_Dataset content_
########################################

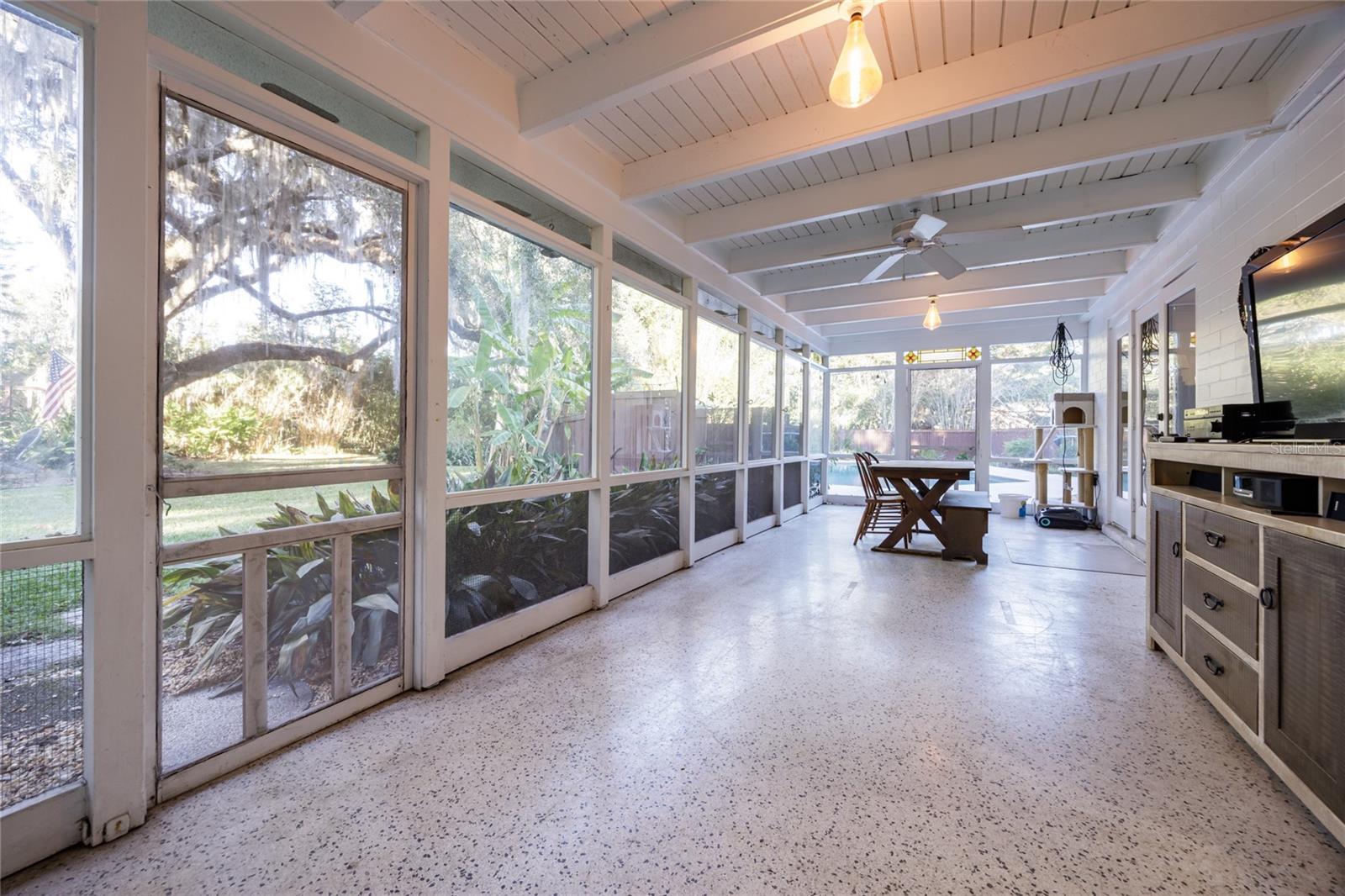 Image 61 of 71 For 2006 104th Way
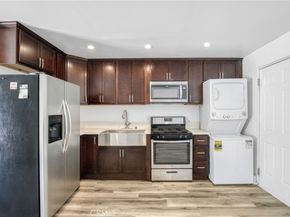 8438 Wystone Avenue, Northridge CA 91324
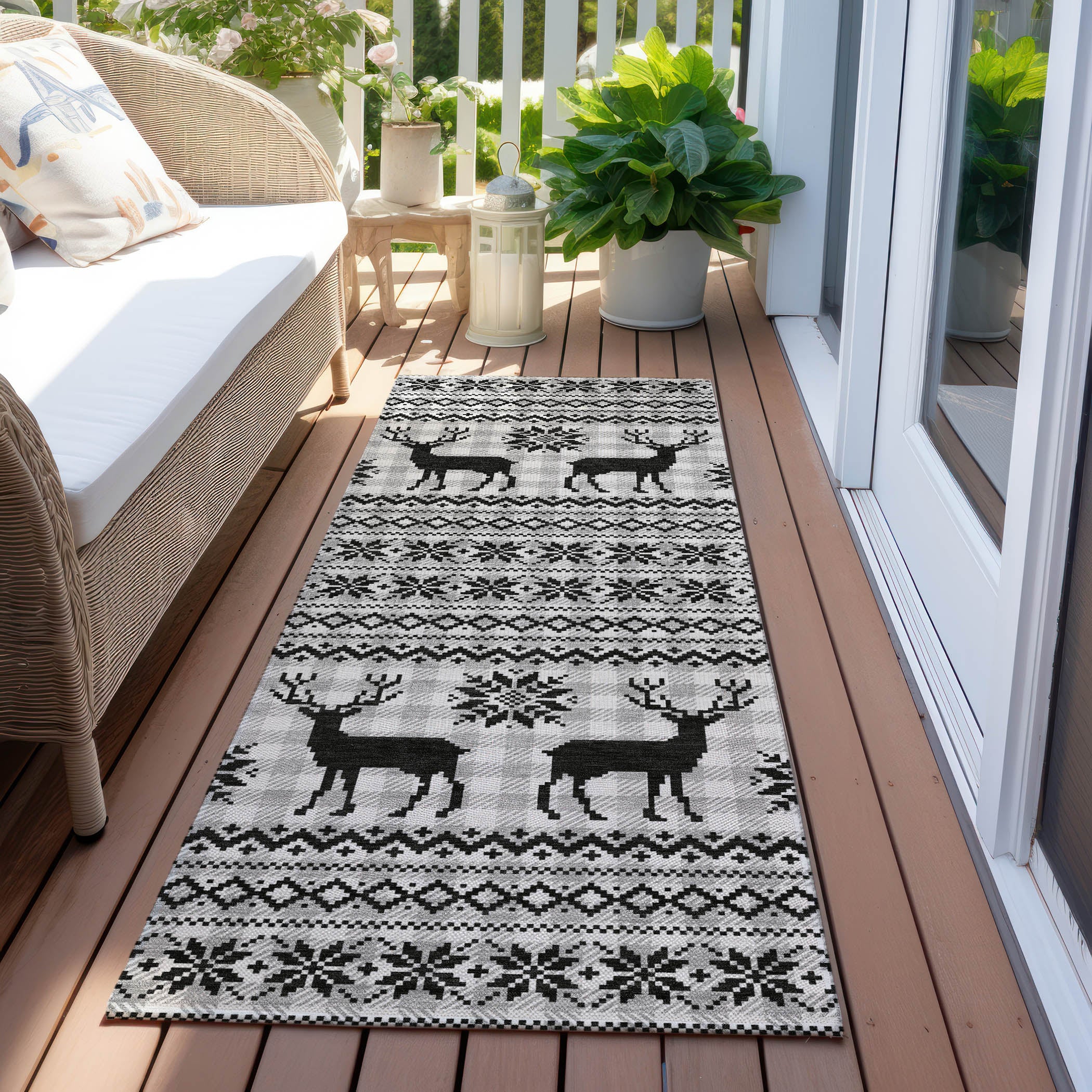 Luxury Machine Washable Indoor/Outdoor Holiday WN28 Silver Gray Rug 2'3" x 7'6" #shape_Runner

########################################

Starting at the line with "8438 Wystone Avenue, Northridge CA 91324", transcribe the listing above exactly through its last line. No picture belongs in the transcription.

_Worked solution_
 8438 Wystone Avenue, Northridge CA 91324
 Luxury Machine Washable Indoor/Outdoor Holiday WN28 Silver Gray Rug 2'3" x 7'6" #shape_Runner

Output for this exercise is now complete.